Lasciamo stare il titolo. Il film si risolve nei primi minuti, il resto è sviluppo sensato. Quel "credono che qui siamo immuni alla vita" è qualcosa di potente, una verità talmente ovvia che fa fatica a essere accettata. Il "qui" intende le bellissime Hawaii (da cui l'orrendo titolo italiano di Paradiso Amaro: non solo è fuorviante, ma è l'esatto contrario di quello che dice il film, forse il traduttore non l'ha visto).
Il tema centrale di tutto il dramma (presentato senza troppi veli) è il cambiamento. Il Cambiamento con la maiuscola, quello vero, quello che arriva all'improvviso e stravolge tutto. Il Cambiamento che spacca le ossa e cancella le cicatrici. La spinta verso qualcosa, qualcuno, tutto condito con quello sporco affare che è la vita, con la sua quotidianità, gli atti di vendita e acquisto, i giochi dei bambini al mare, la scuola, l'amore e tutto il resto. Qui il Cambiamento è messo in moto dalla morte. La classica scintilla che fa esplodere tutto ma che non è per niente la fine, solo un momento nella vita di molti altri.

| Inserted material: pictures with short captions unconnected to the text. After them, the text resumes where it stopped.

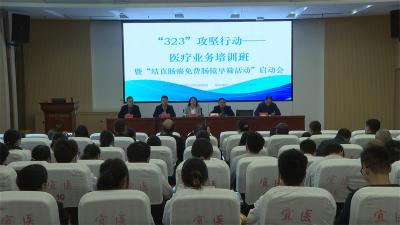 宜城：开展业务培训 助力“323”攻坚行动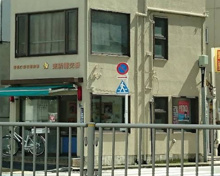 警察 愛宕警察署 東新橋交番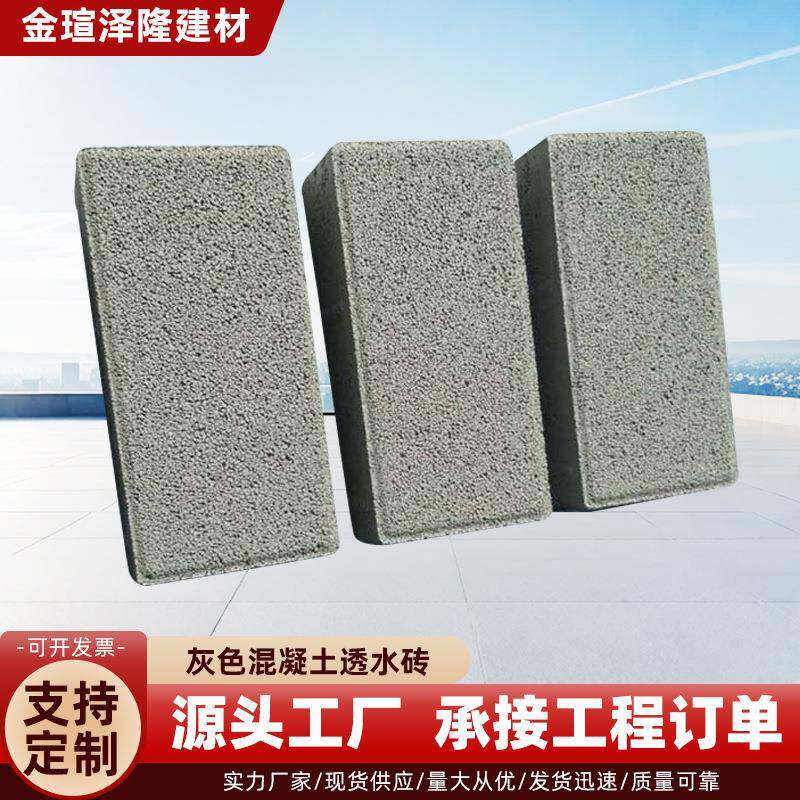 厂家人行道灰色混凝土透水砖广场公园路面砖透水铺地轻质砖头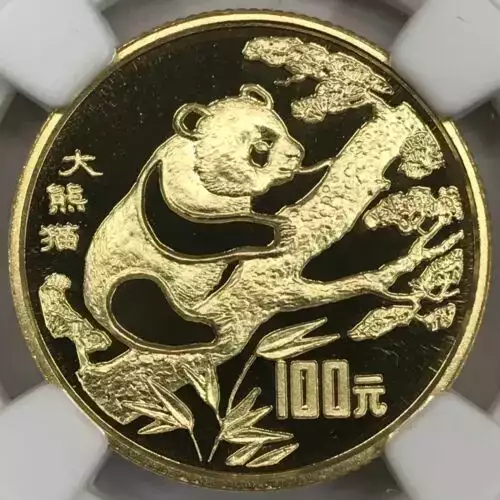 CHINA / Peoples Republic Gold 100 YUAN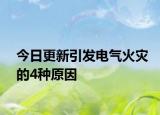 今日更新引发电气火灾的4种原因
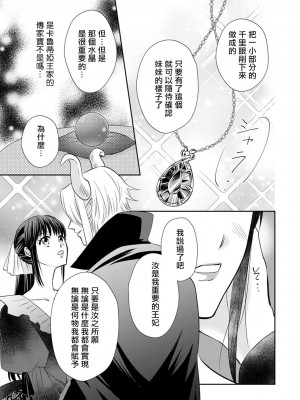 [ワカヤ 白ヶ音雪 ＤＵＯＢＲＡＮＤ.] 恐怖の魔王陛下だったのに花嫁きゅぅぅん～が止まりませんっ！1-7 完结｜明明是恐怖的魔王大人却对妻子心动不已！ [莉赛特汉化组]_144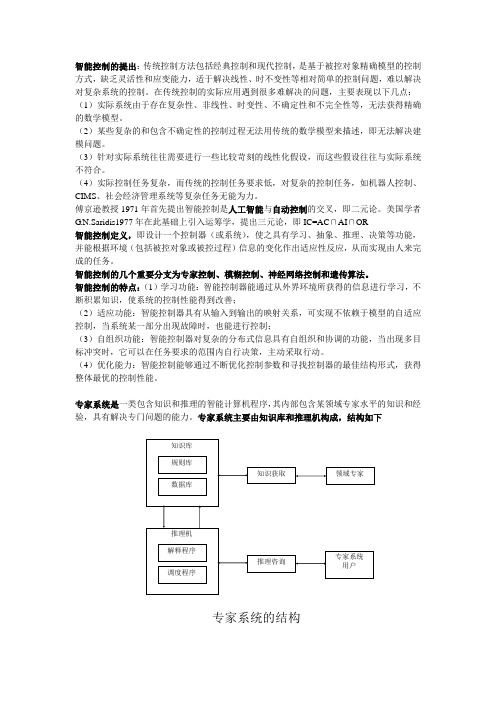 智能控制复习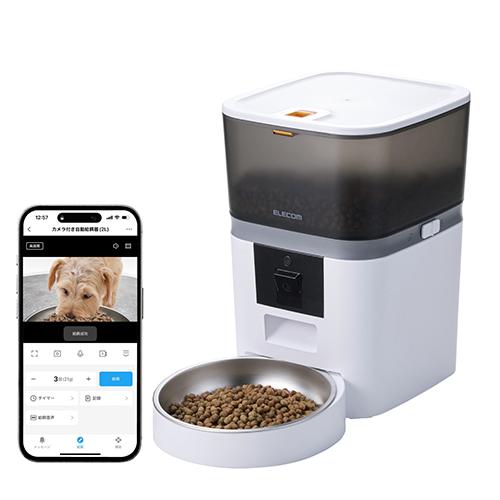 エレコム 自動給餌器 カメラ付 動作検知 双方向通話 PET-AF01CAWH エレコム(ELECOM) PET-AF01CAWH ホワイト 自動給餌器 猫 犬 4L カメラ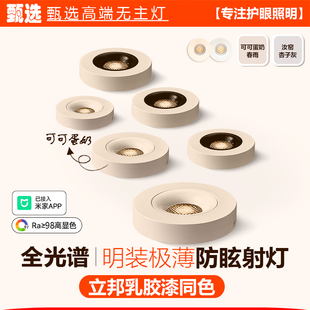 中古超薄明装 筒灯led射灯过道玄关走廊入户门阳台衣帽间小吸顶灯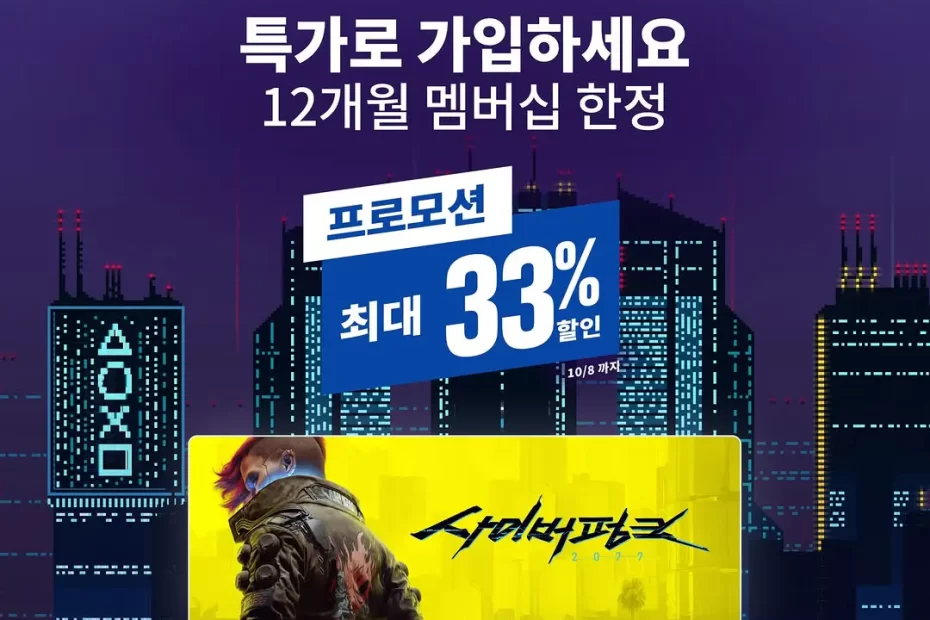 ps-plus-할인-2025년-10월-8일까지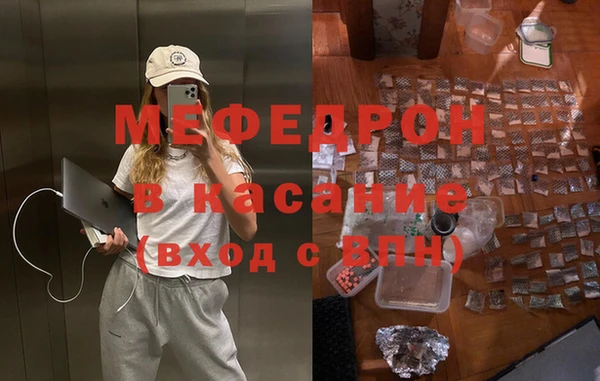 прущие грибы Бородино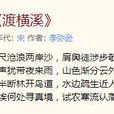 渡橫溪 渡橫溪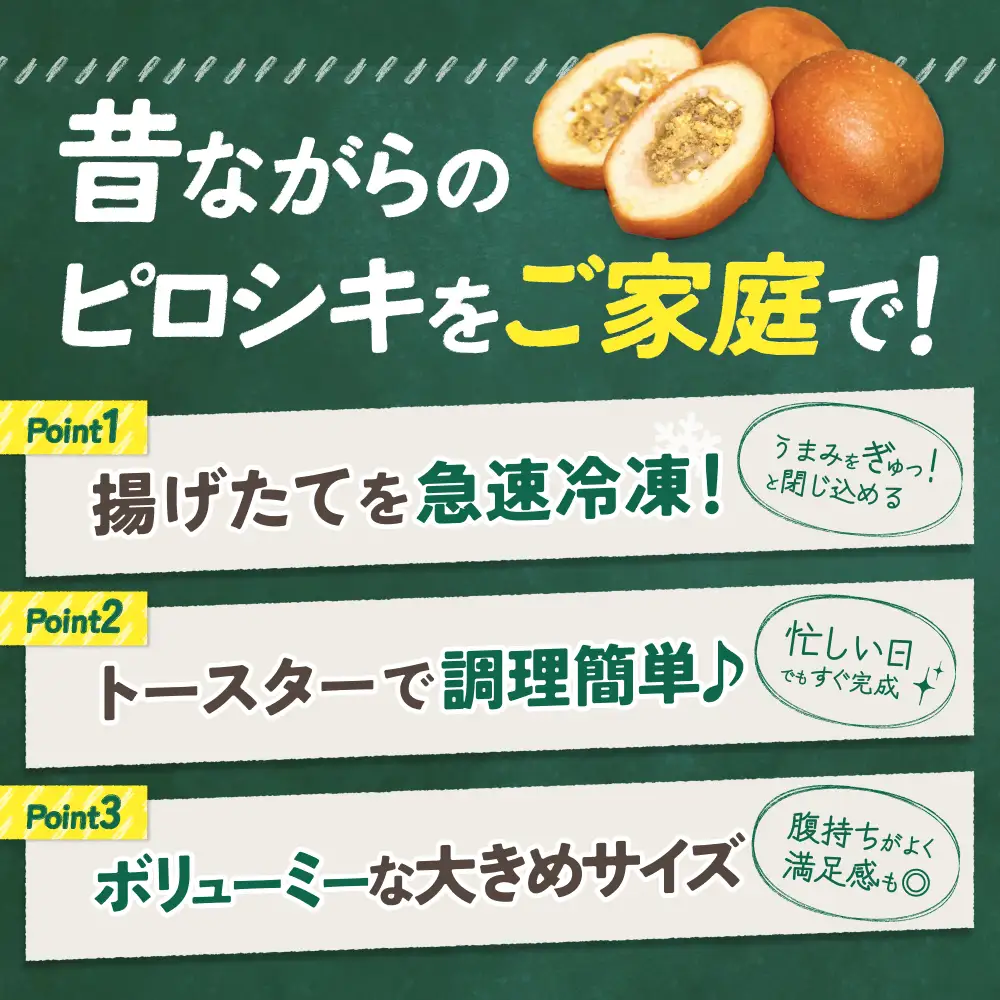 モンパルナス　冷凍ピロシキセット　オリジナル12個＋カレー風味12個入り【prns0004】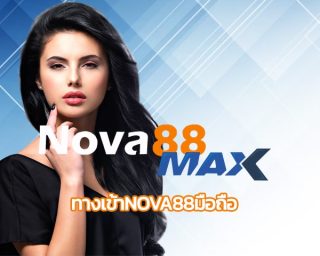 ทางเข้าnova88มือถือ ร่วมสนุก เกมทายผลสกอร์ ลุ้นรับรางวัลใหญ่ แทงบอลออนไลน์ เว็บตรง ไม่ผ่านเอเย่นต์ เว็บบอล โนว่า88 โปรโมชั่น จัดหนักจัดเต็ม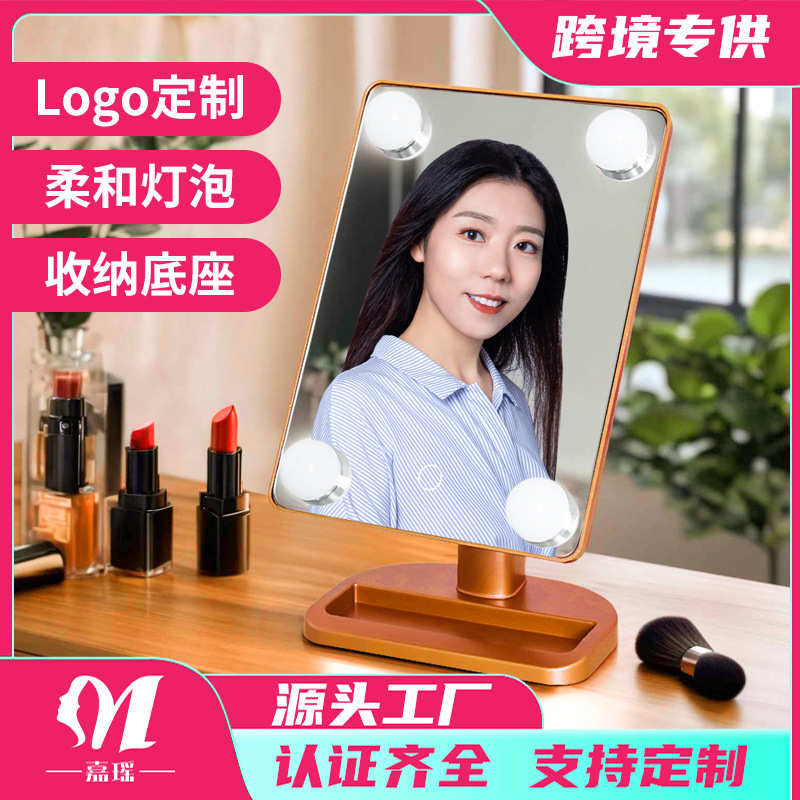 嘉瑶好莱坞大灯泡led台式桌面家用高级感镜子可收纳化妆镜批发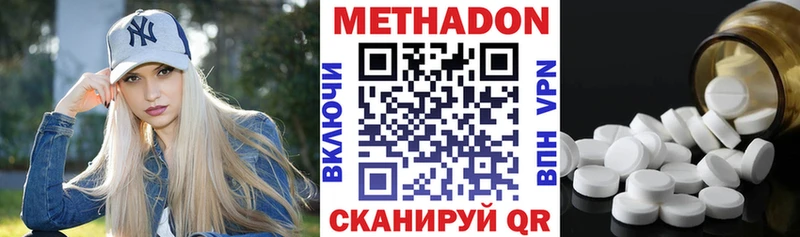 Метадон мёд  Прохладный 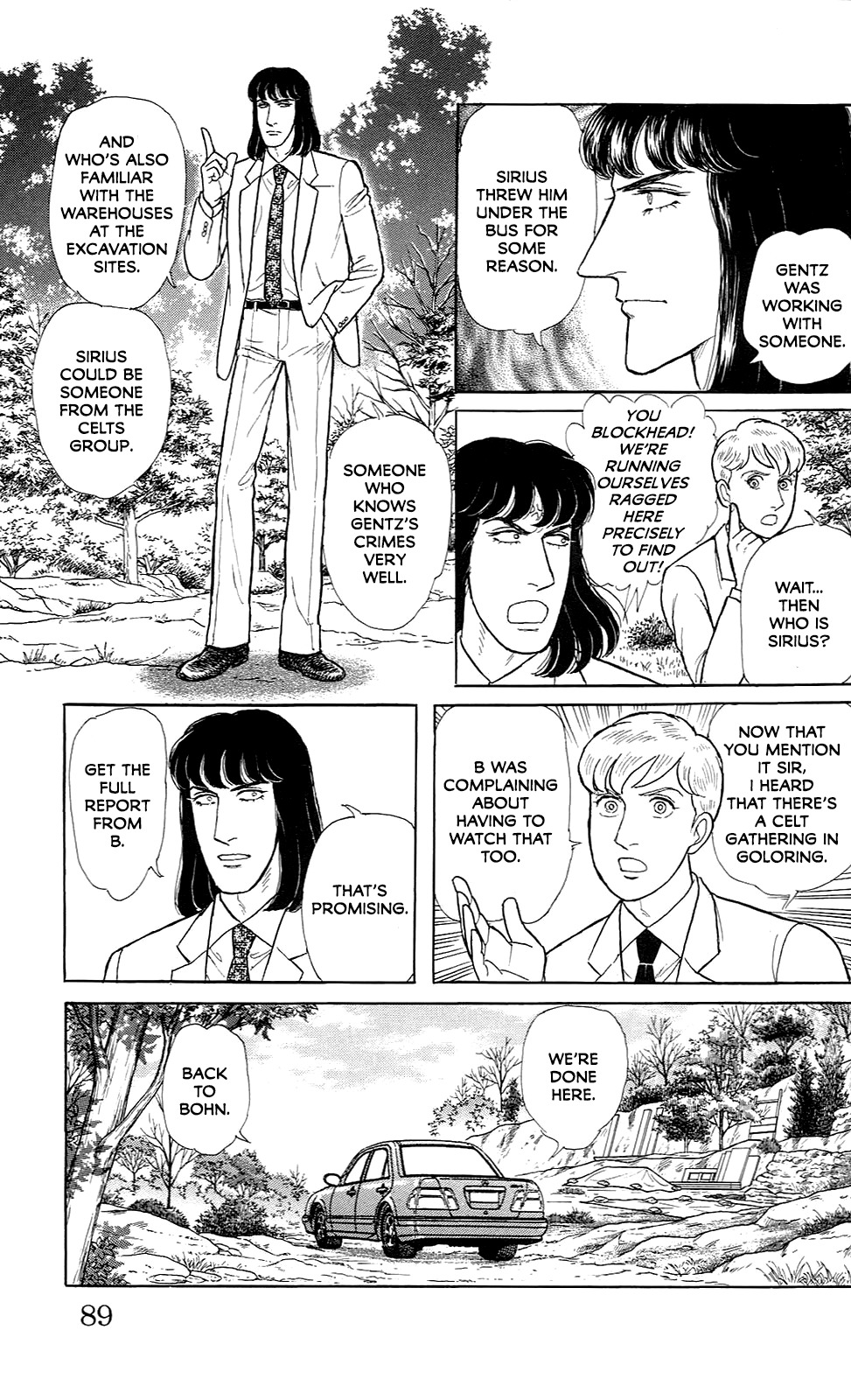 Eroica Yori Ai wo Komete vol.33 ch.21.8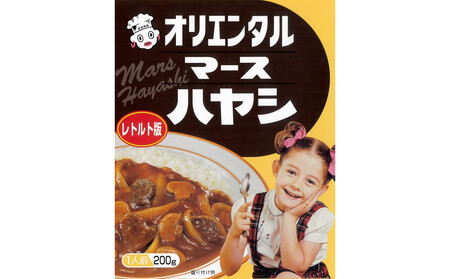 ☆オリエンタルなつかしのカレー&ハヤシセット(3種類9個+オリジナルスプーン付)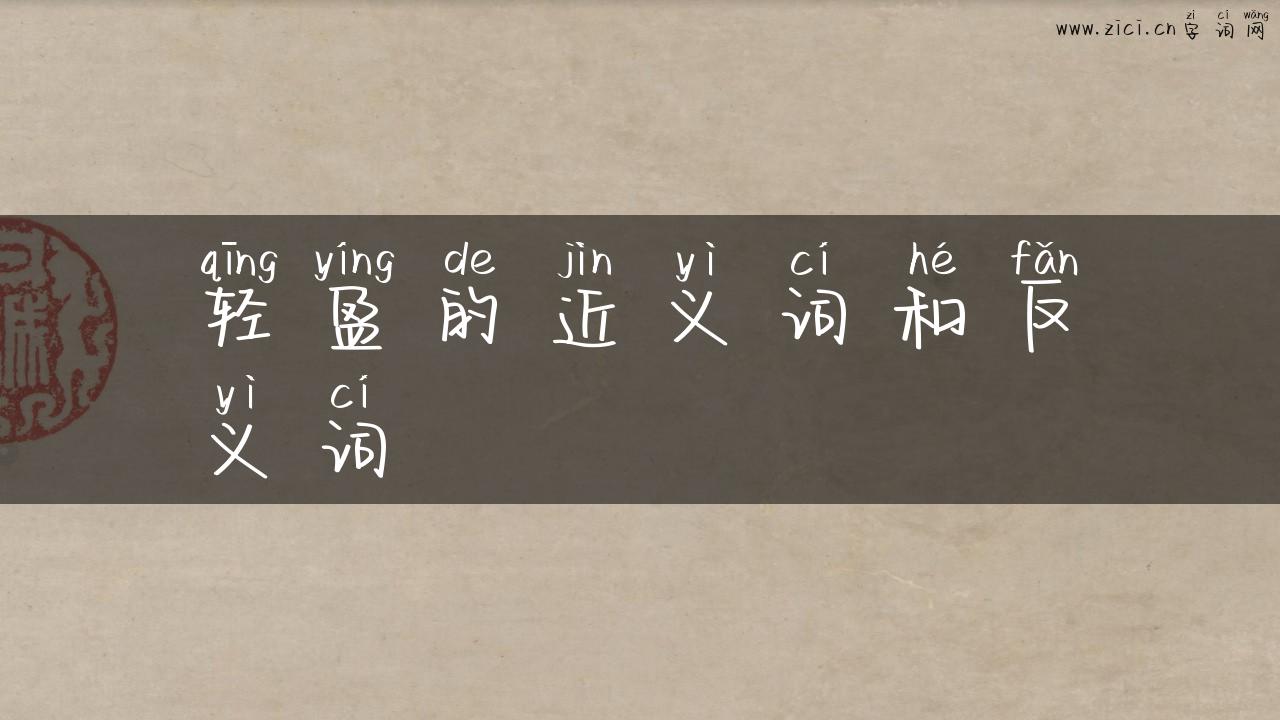 轻盈的近义词和反义词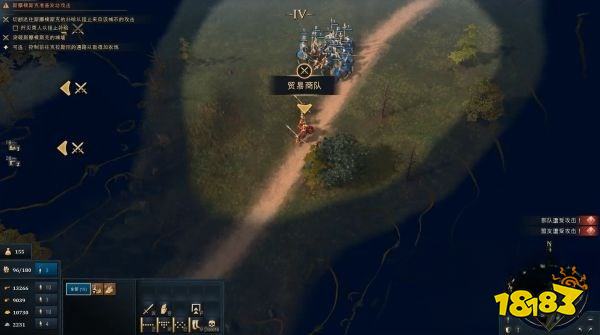 帝国时代4莫斯科的崛起之莫斯科对立陶宛详情一览 莫斯科对立陶宛图文攻略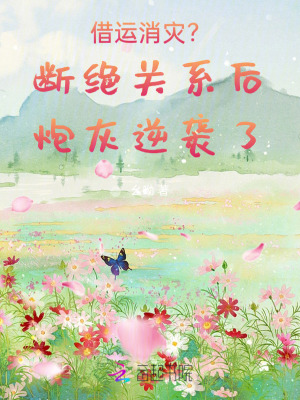 借运消灾？断绝关系后炮灰逆袭了最新章节列表,借运消灾？断绝关系后炮灰逆袭了全文阅读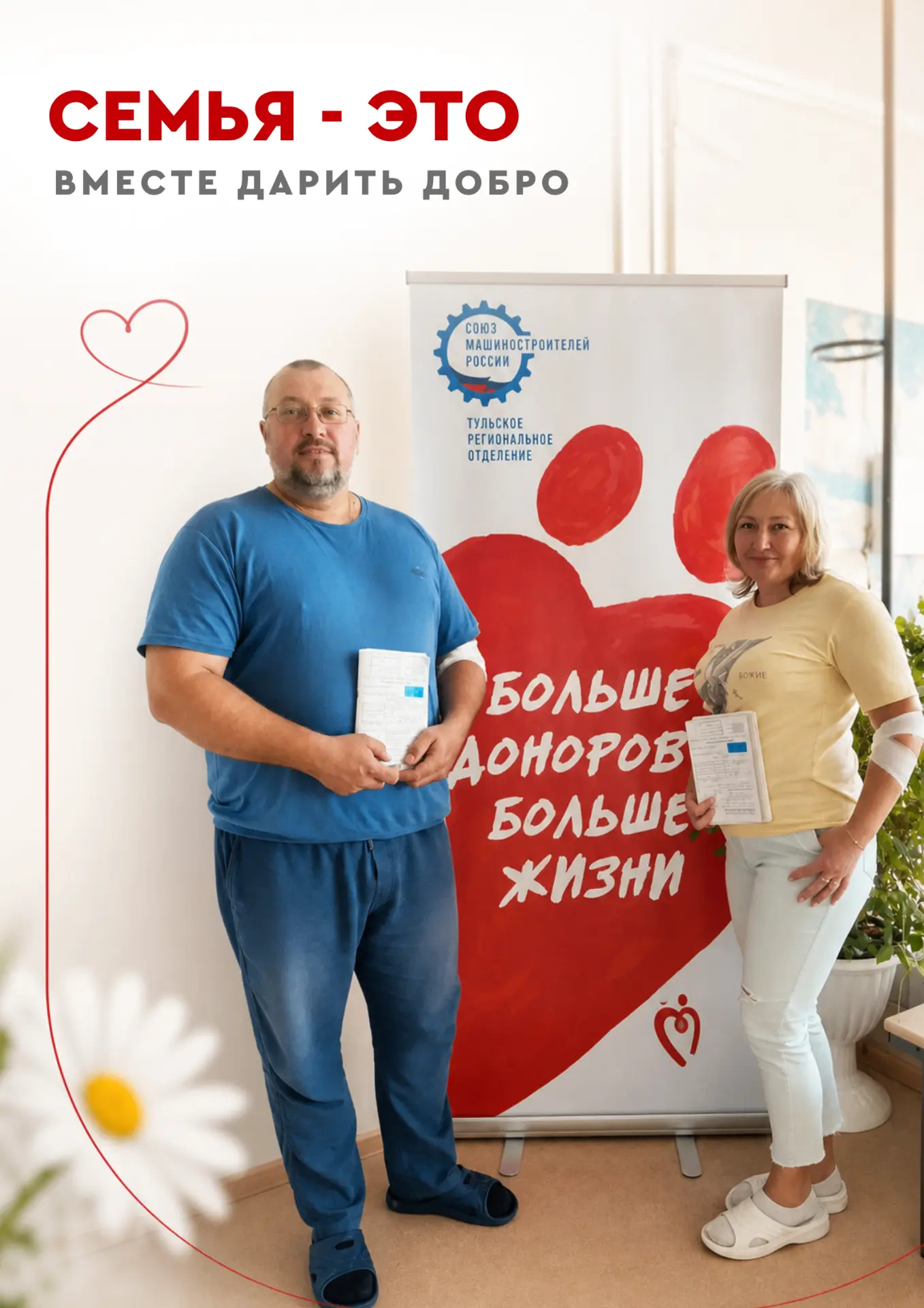 Семья глазами тех, кто каждый день заботится о других 🌼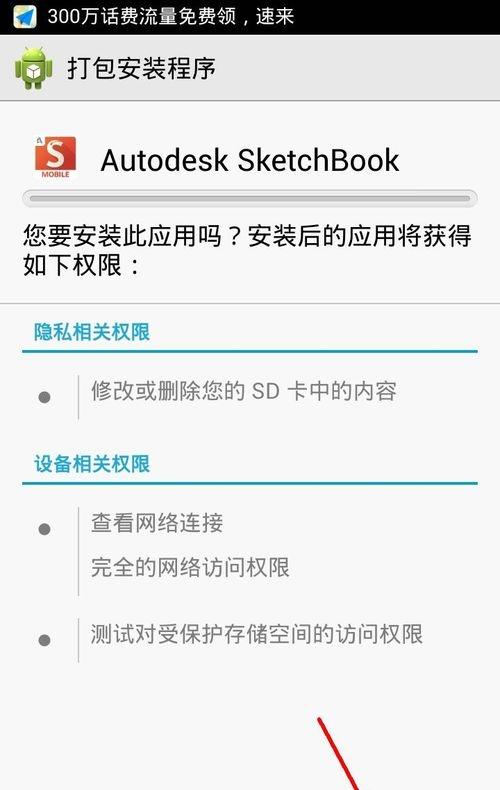 sketchbook安卓平板可以用吗（sketchbook安卓）-冯金伟博客园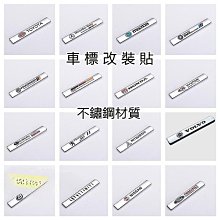 車身自貼膜漆面保護膜隱形車衣TPU車衣防剮蹭膜汽車增亮自修復膜 歷史價格詳細信息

Il film ci racconta, e nel frattempo indaga, molti aspetti della vita di una famiglia distrutta. I personaggi raramente saltano fuori con grandi dialoghi ma piangono e sanguinano parecchio. Si cozzano l'uno contro l'altro lasciandosi addosso brutte ammaccature, ma alla fine vanno avanti, non più trainati dalla quotidianità e dall'incomprensione, ma da ben altro. Non ci sono eroi, dei o anime pure, ma solo persone talmente comuni che potrebbero avere le facce dei vicini di casa (al posto di quella del buon vecchio George, sempre in gran forma). E non è amaro, semplicemente vero, perché il finale, che può sembrare banale e scontato, la dice molto lunga. È la vita. Va così, tanto vale volersi bene.